• gerard van weyenbergh

The art of garden design, fine art

In the long list of human activities that we qualify as artistic, there is one too often overlooked, and that, for a long time, few dared to designate as such: the art of gardens.

And yet, this art is very old. It begins at least with the beginnings of a sedentary lifestyle, ten thousand years ago, near the Mesopotamian rivers. The garden is the place where a man produces his food. There has always been a link between the art of the garden and that of food.

We find mention of it in the epic of Gilgamesh, in the Bible and in Homer. We know almost everything about the Semiramis gardens and the Garden of Eden. We have traces of an Egyptian expedition to Somalia, fifteen centuries before our era, to go and look for rare plants. Then the Greeks, the Romans, the Chinese, did wonders. Christian convents, Japanese monasteries, and Arab palaces then competed in innovations in the organization of their gardens.
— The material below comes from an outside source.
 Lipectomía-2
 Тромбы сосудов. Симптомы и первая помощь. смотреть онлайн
Then came the Italian, French and English gardens.

Some made of harmony and mastery of nature, others abandon and glorify the wild world.

Consequently were invented hydraulics, terraces, fountains, boxwood embroidery, flowerbeds, topiaries, basins, lawns, and many other techniques. With them came innumerable wonders: Tivoli [in Italy], Chenonceau, Vaux-le-Vicomte, Versailles, Stourhead Gardens, Stowe Landscape Gardens [the latter two in England]. And so many others.
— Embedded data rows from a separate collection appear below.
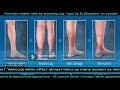 Understanding Varicose Veins &amp; Spider Veins: Causes, Symptoms, and Treatment Options.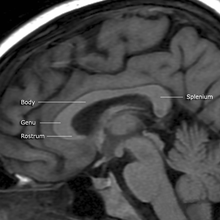 MRI of corpus callosum and its named parts Corpuis callosum.png
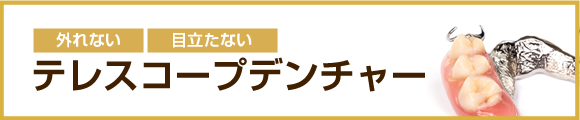 外れない 目立たない テレスコープデンチャー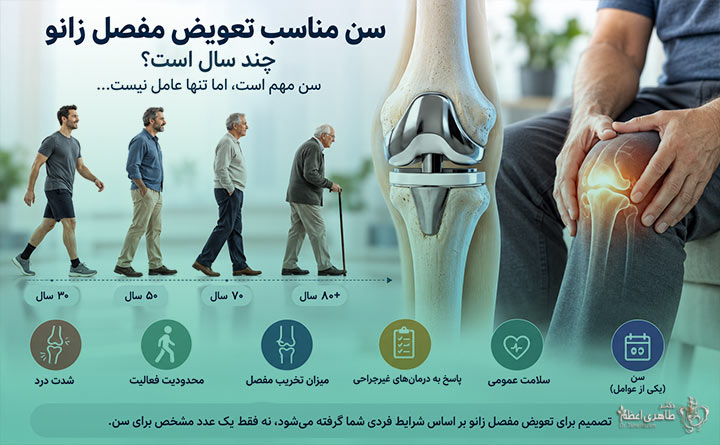 مناسب ترین سن برای تعویض مفصل زانو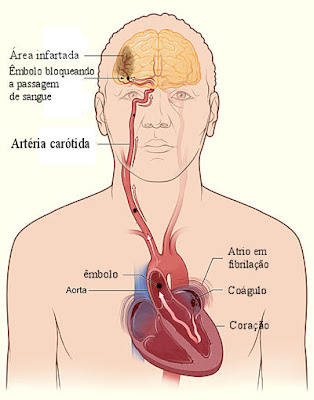 AVC - Fibrilação atrial e embolia cerebral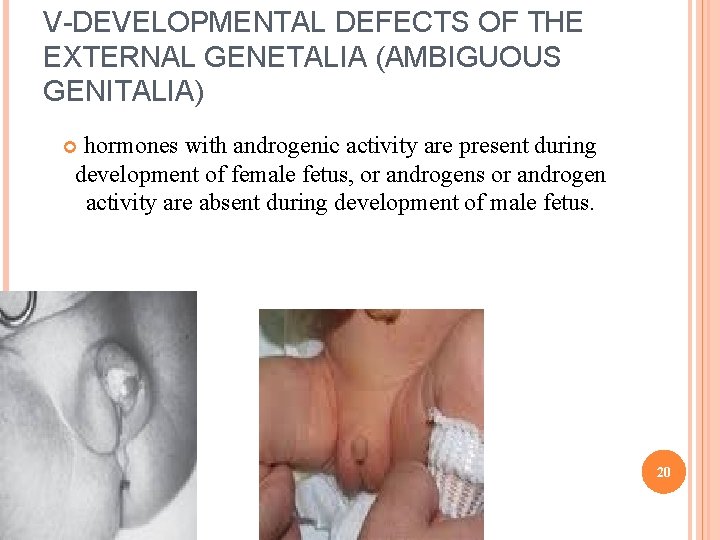 V-DEVELOPMENTAL DEFECTS OF THE EXTERNAL GENETALIA (AMBIGUOUS GENITALIA) hormones with androgenic activity are present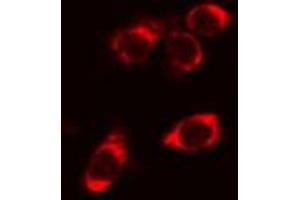 ABIN6266984 staining Hela cells by IF/ICC. (STARD13 anticorps  (N-Term))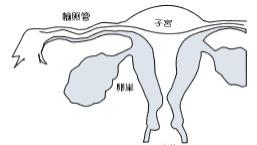 昆明送子鸟：不孕不育“来势汹汹”？一起揭开“不孕之谜”！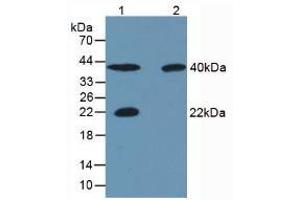 Western blot analysis of (1) Porcine Skeletal Muscle Tissue, (2) Rat Skeletal Muscle Tissue, (3) Human Liver Tissue and (4) Human Lung Tissue. (CA3 anticorps  (AA 2-260))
Today, the art of gardens has become a very popular activity and practiced by millions of people around the world. Magnificent exhibitions (such as those which the Château de Chaumont-sur-Loire organizes every year) show the latest trends in the art of gardening.

Landscaping has become a great profession, requiring artistic skill and agricultural learning: the landscaper is the most credible of environmentalists, the best placed to understand and explain to the world the art of beauty and good, in food as in the safeguard of nature.

Garden art will soon be essential to the future of humanity because this is where biological diversity is preserved and conserved. This is where love of nature is learned. This is also where this is learned: no one is really the owner of his garden, he is only the tenant, and the one who must maintain it. The garden is the place where we understand that all civilization disappears if we do not teach the following generations to maintain and defend it.

It is also there that humanity learns the difference between wild nature, which can be hostile to it, and controlled nature, which can help it surpass itself and which truly constitutes a work of art.

Dizzying question: should we consider nature in itself as a work of art, and let it live its life, by aligning itself with its requirements? Or should we dominate it, control it, put it at the service of humanity, and make it a place of expression of the creative impulses of humans? Is art unique to man or that of nature? This question is at the heart of the debates that have opposed and still oppose landscapers around the world. It obviously refers to our relationship with the world. It is also at the heart of today's debates on responses to climate challenges: should we return to the state of nature, or trust technical progress?

True art is undoubtedly at the meeting point between these two conceptions. It is neither total savagery nor deadly artifact. Both of them, taken to the extreme, is hell. Here as elsewhere, life is a compromise. Civilization is harmony. And art a passing.

To my longtime friend Chris Vyncke, hoping she can fast take care of her so beautiful gardens.